Lehrer, Eltern und Studenten diskutierten an der Alanus Hochschule
Alfter, 11. Mai 2007
Zentrale Abschlussprüfungen und nachgewiesene Schwächen in einzelnen
Fächern sorgen dafür, dass die Frage nach der Qualität von
Waldorfschulen zunehmend öffentlich diskutiert wird und dass an
Waldorfschulen die Themen Unterrichtsqualität und
Unterrichtsentwicklung auf der Tagesordnung stehen. Dieser aktuellen
Thematik widmete sich auch ein Symposium, das am 4. und 5. Mai an der
Alanus Hochschule in Alfter stattgefunden hat.

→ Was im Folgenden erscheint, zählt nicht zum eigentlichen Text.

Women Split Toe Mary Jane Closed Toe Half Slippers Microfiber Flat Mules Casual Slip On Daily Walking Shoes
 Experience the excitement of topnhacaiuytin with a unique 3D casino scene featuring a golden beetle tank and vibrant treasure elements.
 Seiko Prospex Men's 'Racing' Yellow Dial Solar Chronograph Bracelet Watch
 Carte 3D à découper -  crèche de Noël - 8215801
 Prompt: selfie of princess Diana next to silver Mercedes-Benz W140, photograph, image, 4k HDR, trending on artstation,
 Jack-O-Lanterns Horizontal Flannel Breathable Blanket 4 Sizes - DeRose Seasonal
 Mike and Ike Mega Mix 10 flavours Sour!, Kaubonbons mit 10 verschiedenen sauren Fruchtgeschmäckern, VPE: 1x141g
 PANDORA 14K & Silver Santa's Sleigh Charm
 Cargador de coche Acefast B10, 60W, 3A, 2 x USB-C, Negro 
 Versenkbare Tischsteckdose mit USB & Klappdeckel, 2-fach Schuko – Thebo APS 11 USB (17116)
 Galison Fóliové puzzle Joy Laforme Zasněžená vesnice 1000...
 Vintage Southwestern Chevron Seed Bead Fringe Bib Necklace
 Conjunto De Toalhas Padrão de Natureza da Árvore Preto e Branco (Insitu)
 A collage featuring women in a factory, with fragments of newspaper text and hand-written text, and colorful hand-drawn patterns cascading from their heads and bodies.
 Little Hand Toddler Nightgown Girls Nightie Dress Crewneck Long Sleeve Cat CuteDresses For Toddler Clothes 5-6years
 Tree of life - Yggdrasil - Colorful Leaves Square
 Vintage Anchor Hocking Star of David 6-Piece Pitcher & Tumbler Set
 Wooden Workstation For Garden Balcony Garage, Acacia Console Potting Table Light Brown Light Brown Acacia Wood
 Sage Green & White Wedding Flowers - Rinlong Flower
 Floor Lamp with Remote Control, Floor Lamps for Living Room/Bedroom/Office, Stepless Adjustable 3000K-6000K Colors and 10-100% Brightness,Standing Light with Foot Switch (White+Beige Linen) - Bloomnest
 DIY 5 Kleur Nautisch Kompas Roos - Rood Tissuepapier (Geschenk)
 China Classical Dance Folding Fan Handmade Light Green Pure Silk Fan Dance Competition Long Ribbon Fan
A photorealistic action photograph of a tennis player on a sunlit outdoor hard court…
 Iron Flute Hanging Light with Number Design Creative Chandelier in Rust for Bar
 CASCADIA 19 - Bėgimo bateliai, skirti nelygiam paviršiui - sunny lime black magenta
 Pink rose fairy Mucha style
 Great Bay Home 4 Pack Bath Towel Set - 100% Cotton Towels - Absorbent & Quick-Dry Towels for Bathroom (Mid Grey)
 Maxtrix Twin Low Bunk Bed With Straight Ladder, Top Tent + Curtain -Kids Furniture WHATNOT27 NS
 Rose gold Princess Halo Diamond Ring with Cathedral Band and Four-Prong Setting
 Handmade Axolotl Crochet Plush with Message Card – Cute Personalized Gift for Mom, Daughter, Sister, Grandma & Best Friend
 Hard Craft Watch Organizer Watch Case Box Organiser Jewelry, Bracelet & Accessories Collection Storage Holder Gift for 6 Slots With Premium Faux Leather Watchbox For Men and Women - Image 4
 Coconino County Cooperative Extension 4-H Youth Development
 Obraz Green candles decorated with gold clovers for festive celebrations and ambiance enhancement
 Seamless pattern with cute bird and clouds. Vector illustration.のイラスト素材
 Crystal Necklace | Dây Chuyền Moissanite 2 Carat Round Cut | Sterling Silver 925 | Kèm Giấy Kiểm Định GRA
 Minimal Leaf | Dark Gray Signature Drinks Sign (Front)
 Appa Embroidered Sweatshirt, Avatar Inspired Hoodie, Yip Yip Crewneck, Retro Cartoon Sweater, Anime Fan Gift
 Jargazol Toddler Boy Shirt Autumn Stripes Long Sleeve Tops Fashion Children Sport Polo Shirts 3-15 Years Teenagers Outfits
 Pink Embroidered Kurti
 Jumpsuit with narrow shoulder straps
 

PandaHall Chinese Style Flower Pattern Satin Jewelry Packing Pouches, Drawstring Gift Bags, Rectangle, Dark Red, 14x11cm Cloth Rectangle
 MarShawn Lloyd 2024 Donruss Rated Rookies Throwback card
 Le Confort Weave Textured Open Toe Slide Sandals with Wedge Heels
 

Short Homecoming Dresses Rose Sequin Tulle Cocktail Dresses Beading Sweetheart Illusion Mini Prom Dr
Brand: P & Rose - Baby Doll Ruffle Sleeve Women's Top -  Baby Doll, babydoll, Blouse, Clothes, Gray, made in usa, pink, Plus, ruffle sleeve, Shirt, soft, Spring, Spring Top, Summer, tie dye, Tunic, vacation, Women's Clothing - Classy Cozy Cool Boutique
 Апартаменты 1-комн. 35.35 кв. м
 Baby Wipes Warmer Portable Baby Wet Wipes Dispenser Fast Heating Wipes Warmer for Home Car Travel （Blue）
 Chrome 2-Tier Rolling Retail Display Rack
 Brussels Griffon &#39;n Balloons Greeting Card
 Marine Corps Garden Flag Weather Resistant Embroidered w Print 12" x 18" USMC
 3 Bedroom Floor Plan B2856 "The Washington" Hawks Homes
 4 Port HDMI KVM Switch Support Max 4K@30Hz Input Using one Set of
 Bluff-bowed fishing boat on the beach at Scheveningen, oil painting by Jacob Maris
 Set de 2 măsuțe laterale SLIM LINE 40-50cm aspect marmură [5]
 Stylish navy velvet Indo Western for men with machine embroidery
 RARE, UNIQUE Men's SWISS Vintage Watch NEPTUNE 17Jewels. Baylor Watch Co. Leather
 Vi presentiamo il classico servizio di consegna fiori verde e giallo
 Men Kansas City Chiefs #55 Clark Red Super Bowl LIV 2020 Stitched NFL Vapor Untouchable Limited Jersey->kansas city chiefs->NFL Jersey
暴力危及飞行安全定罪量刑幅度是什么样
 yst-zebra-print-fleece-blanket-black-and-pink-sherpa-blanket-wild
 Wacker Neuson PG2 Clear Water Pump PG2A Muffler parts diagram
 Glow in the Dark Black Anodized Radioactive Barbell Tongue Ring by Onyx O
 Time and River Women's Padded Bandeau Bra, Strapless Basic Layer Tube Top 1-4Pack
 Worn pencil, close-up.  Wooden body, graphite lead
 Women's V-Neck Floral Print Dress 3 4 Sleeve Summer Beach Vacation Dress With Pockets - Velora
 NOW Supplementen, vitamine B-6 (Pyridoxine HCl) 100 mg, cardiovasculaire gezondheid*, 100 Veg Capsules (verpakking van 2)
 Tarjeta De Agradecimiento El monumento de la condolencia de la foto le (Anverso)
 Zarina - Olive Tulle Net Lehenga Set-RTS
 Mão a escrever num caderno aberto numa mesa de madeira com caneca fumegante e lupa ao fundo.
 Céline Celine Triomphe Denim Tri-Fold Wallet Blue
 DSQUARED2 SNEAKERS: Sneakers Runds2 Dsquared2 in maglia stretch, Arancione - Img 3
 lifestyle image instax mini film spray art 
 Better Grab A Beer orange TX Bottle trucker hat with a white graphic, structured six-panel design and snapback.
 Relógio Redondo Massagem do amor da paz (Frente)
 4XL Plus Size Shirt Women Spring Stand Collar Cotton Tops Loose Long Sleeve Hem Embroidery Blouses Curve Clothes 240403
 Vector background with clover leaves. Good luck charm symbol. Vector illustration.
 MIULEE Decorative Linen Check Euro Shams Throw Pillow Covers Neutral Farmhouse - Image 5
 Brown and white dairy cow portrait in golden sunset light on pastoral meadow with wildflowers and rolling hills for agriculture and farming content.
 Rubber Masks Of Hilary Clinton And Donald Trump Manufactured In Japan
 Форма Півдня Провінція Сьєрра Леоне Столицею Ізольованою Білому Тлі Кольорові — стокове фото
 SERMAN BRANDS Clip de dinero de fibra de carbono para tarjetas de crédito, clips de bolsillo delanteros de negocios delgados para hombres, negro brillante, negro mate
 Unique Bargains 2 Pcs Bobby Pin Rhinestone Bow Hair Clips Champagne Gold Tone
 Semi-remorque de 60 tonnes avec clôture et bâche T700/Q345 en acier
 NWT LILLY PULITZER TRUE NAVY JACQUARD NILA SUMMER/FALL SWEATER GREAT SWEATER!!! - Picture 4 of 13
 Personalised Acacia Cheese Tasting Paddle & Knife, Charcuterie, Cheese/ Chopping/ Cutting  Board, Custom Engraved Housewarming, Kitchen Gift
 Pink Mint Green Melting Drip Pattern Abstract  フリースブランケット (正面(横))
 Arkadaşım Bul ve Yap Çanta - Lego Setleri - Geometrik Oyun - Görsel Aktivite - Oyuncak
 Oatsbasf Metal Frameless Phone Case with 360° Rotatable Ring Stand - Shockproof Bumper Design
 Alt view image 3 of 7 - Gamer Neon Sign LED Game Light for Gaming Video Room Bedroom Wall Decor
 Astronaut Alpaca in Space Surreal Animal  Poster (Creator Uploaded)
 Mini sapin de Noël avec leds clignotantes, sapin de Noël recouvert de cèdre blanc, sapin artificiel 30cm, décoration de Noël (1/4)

„Waldorfschulen müssen die Standards staatlicher Schulen erfüllen, dürfen dabei aber ihre spezifischen Qualitäten nicht vernachlässigen, sondern sollten diese in ihrem eigenen Interesse weiterentwickeln“, so lautete das einstimmige Fazit der rund 80 Teilnehmer.
Es sei heute wichtiger denn je, praxisorientierte Qualitätsentwicklung im Unterricht anzugehen, betonte Klaus-Peter Freitag von der Arbeitsgemeinschaft Waldorfpädagogik NRW. Einerseits müssten Problemfelder erkannt und reformiert werden, andererseits gäbe es zahlreiche Positionen der Waldorfpädagogik, die in der erziehungswissenschaftlichen und neurowissenschaftlichen Forschung aktuell seien.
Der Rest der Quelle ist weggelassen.